10.1. An issuer, at its discretion, may withdraw from the issue process at any time; however, subsequent to such withdrawal, the issuer shall not be allowed to access any of the EBP platforms for a period of seven days from the date of such withdrawal. A withdrawal from the issue process shall imply withdrawal of the total issue including anchor portion.

10.2. If an issuer withdraws from the issue because of any of the reasons as outlined below, the restrictions mentioned in the above paragraph shall not be applicable:

10.2.1. issuer is unable to receive the bids up to the base issue size; or

10.2.2. bidder has defaulted on payment towards the allotment, within stipulated timeframe, due to which the issuer is unable to fulfill the base issue size; or

10.2.3. cut-off yield (i.e. the highest yield at which a bid is accepted) in the issue is higher than the estimated cut-off yield (i.e. the yield estimated by the issuer, prior to opening of issue) disclosed to the EBP, where the base issue size is fully subscribed.

10.3. Disclosure of estimated cut-off yield on the EBP platform to the eligible participants, pursuant to closure of issue, shall be at the discretion of the issuer.

10.4. In case an issuer withdraws issues on the EBP platform because of the cut-off yield being higher than the estimated cut-off yield, the EBP shall mandatorily disclose the estimated cut-off yield to the eligible participants.

11. Responsibilities of various entities involved in the process:

11.1. Issuer shall:

11.1.1. open an escrow bank account/ have an escrow bank account jointly with a RTA, where the role of the RTA in operating such bank account shall be limited to the responsibilities as provided under this circular;

11.1.2. provide the details of escrow bank account in which pay-in of funds has to be made and the timelines by which such pay-in shall be done by the successful bidders; and

11.1.3. effect corporate action for credit of securities to the successful bidders, after receiving confirmation from the RTA about receipt of funds.

11.2. RTA shall:

11.2.1. undertake reconciliation between information received from the escrow Bank and EBP. Further, after reconciliation, shall intimate the issuer about the receipt of funds and shortfall, if any, and the reasons thereof;

11.2.2. issue instructions to the escrow bank account for the release of funds, after passing on the instructions for corporate action to the depositories; and

11.2.3. intimate to the EBP, upon closure of the issue, the status of the issue i.e. successful or withdrawn, details of defaulting investors etc.

12. Obligations and duties of EBP:

12.1. An EBP shall:

12.1.1. provide an on-line platform for placing bids;

12.1.2. have necessary infrastructure like adequate office space, equipment, risk management capabilities, manpower and other information technology infrastructure to effectively discharge the activities of an EBP;

12.1.3. ensure that the PM, term sheet and other issue related information is available to the eligible participants on its platform immediately on receipt of the same from the issuer;

12.1.4. have adequate backup, disaster management and recovery systems; and

12.1.5. ensure safety, secrecy, integrity and retrievability of data.

12.2. EBPs shall ensure that all details regarding the issuance is updated on its website.

12.3. EBPs shall together ensure that the operational procedure is standardized across all EBP platforms and the details of such operational procedure are disclosed on their websites.

12.4. Where an issuer has disclosed estimated cut-off yield to the EBP, the EBP shall ensure its electronic audit trail and secrecy.
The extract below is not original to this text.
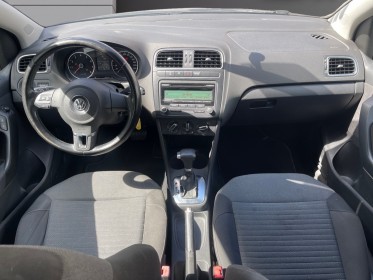 Volkswagen polo 1.4 85 trendline dsg7 distribution neuve garantie 12mois occasion parc voitures beauvais simplicicar...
However, in case issuers withdraw issues on the EBP because of the cut off yield being higher than the estimated cut off yield, the EBP shall mandatorily disclose the estimated cut off yield in its platform.

12.5. EBPs shall ensure coordination amongst themselves and also with depositories so as to ensure that the cooling off period for issuers and debarment period for investors is adhered to.

12.6. EBPs shall ensure that bidding is done in the manner as specified.

12.7. The EBP shall be responsible for accurate, timely and secured bidding process of the electronic bid by the bidders.

12.8. The EBP shall provide a facility to the eligible participants to define the limits/ range, within which quotes may be placed, from its user interface, to avoid ‘fat finger’ errors.

12.9. The EBP shall be responsible for addressing investor grievances arising from bidding process.

13. CISA Audit of EBP Platform:

The EBP platform so provided by the EBP shall be subject to audit by a CISA at least once a year.

14. Electronic Book Providers are directed to:

14.1. comply with the conditions laid down hereunder;

14.2. put in place necessary systems and infrastructure for implementation and make consequential changes, if any, to their bidding portal and respective exchange bye-laws; and communicate and create awareness about these provisions amongst issuers, arrangers and investors.

Chapter VII – Standardization of timelines for listing of securities issued on a private placement basis19

[See Regulations 6, 44 and 46 of SEB! NCS Regulations, 2021, Regulations 24 and 38D of the SEB! SD! Regulations, 2008 and Regulations 4A, 4E and Clause 7(m) of Schedule ! of SEB! !LDM Regulations, 2015]

1. This chapter shall be applicable for non-convertible securities, securitised debt instruments, security receipts and municipal debt securities (hereinafter referred to as “securities” in this chapter) issued on a private placement basis.

In-principle approval:

2. An issuer desirous of issuing and listing non-convertible securities or municipal debt securities, shall make an application for in-principle approval to the stock Exchange(s), in terms of Regulation 6 of the NCS Regulations or Regulation 4A of the ILDM Regulations, respectively, complete in all respects, including the submissions and disclosures, as may be specified by the stock exchange(s).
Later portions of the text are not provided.